(Provided entries Opens)

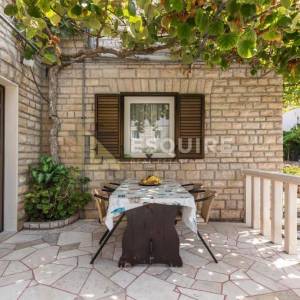 BRAČ - SUTIVAN - Kuća sa dvije stambene jedinice i bazenom - 425m2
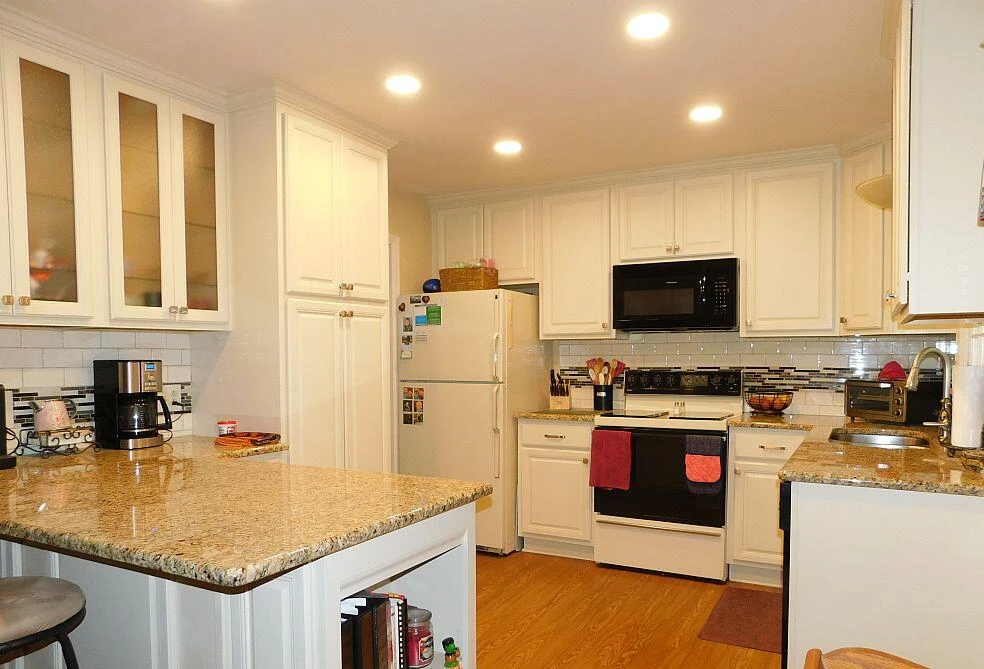 4230 Sharolyn DR - Photo 6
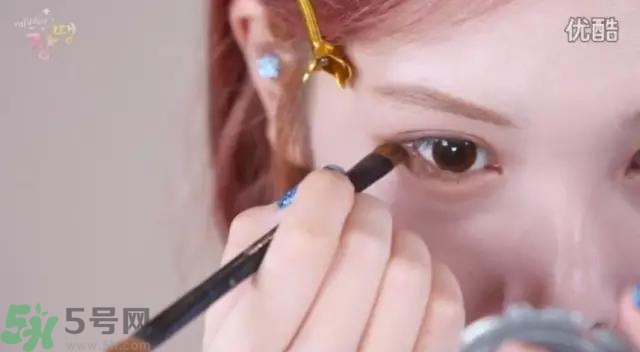 戴眼鏡怎么化妝？眼鏡妝怎么畫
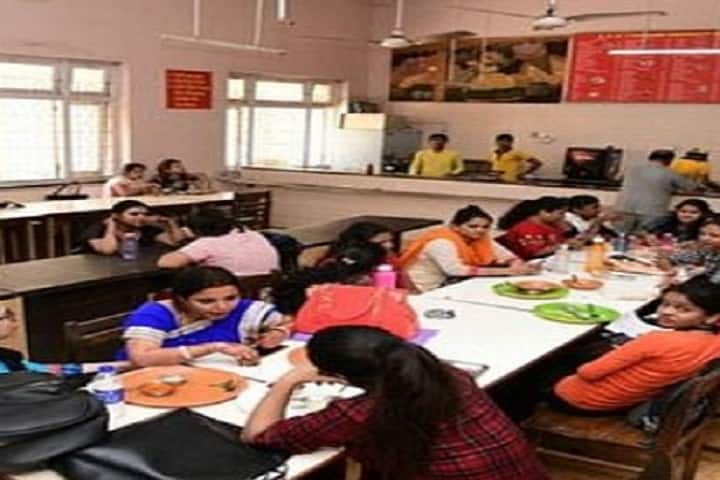 SNDT Women's University Law School campus in Mumbai, Maharashtra, India — photo 3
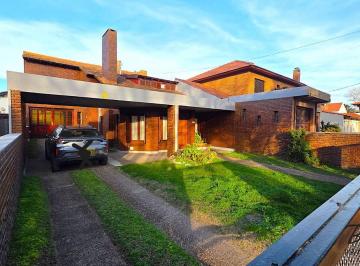 Casa · 110m² · 6 Ambientes · 1 Cochera · Importante Casa de Categoria de 6 Ambientes - Ideal Vivienda Permanente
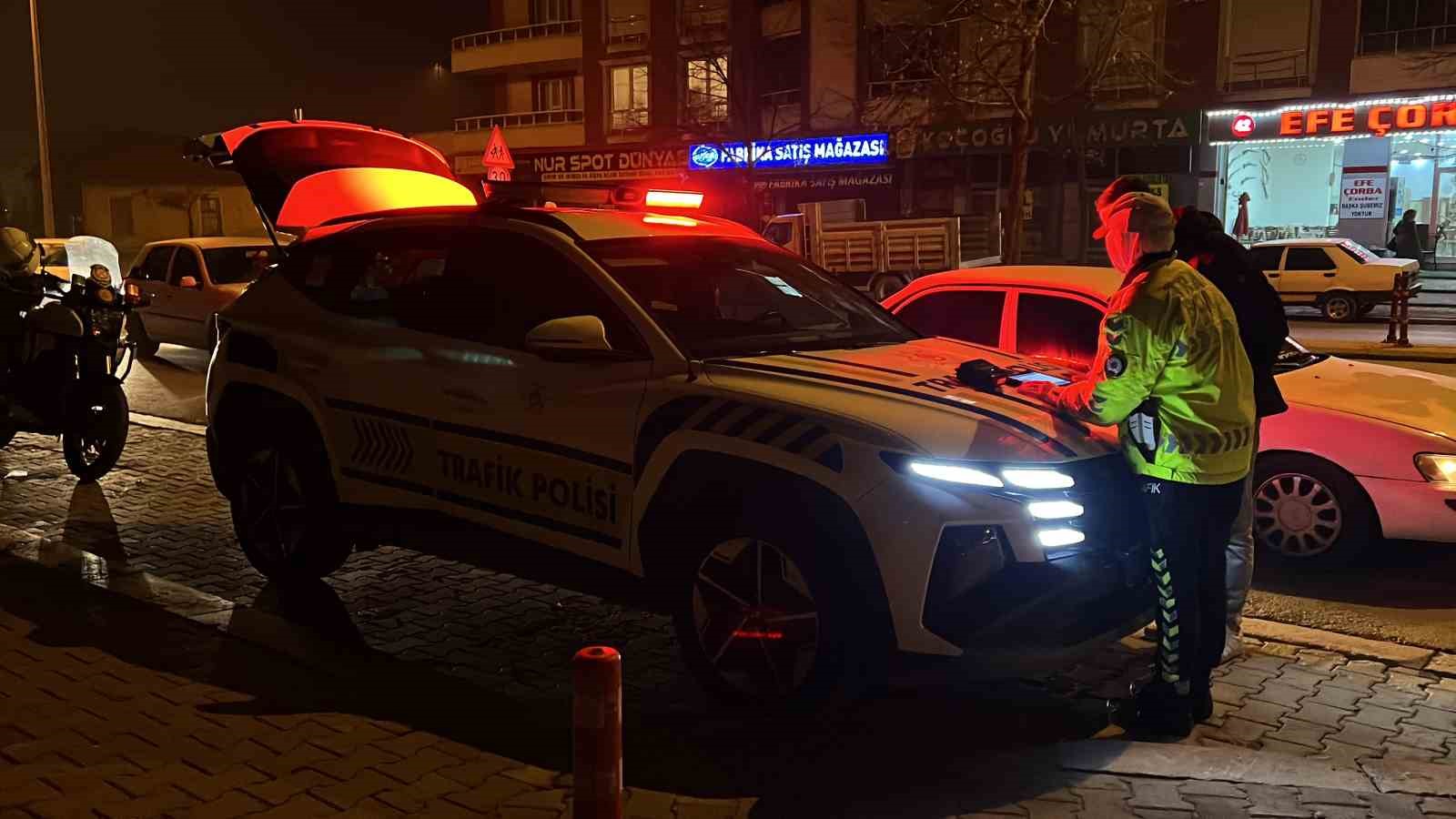 alkolden ehliyetini kaptiran surucu yolu 15 kilometre uzatsa da kurtulamadi 1 Ia5ApnUu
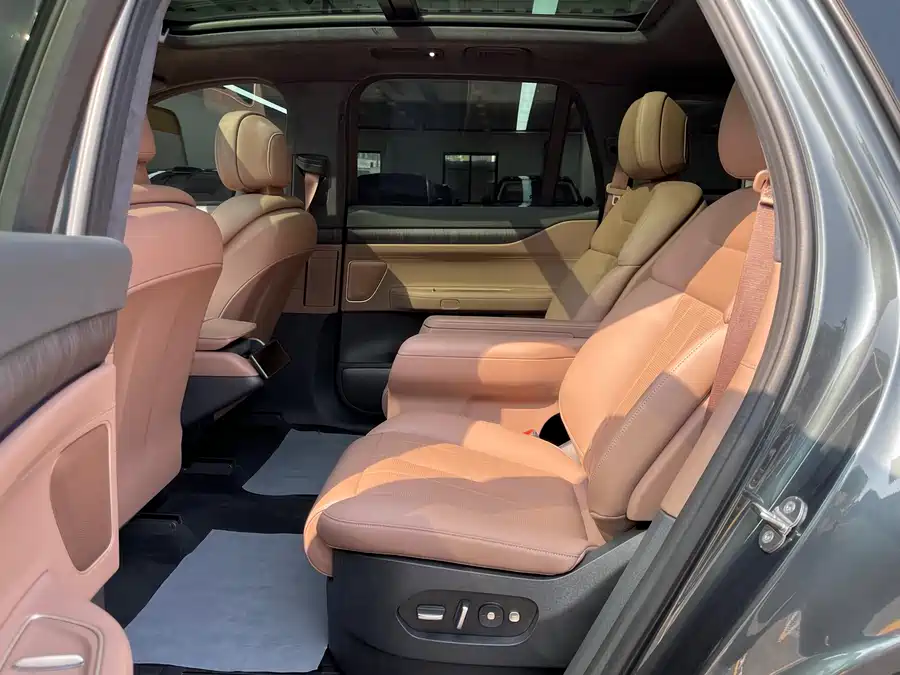 Used NIO ES8 2023 model 75kWh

(Provided entries Closes)

Task to carry out: Your copy of the records above should be exact and contain no pictures.

Problem solution:
 BRAČ - SUTIVAN - Kuća sa dvije stambene jedinice i bazenom - 425m2
 4230 Sharolyn DR - Photo 6
 戴眼鏡怎么化妝？眼鏡妝怎么畫
 SNDT Women's University Law School campus in Mumbai, Maharashtra, India — photo 3
 Casa · 110m² · 6 Ambientes · 1 Cochera · Importante Casa de Categoria de 6 Ambientes - Ideal Vivienda Permanente
 alkolden ehliyetini kaptiran surucu yolu 15 kilometre uzatsa da kurtulamadi 1 Ia5ApnUu
 Used NIO ES8 2023 model 75kWh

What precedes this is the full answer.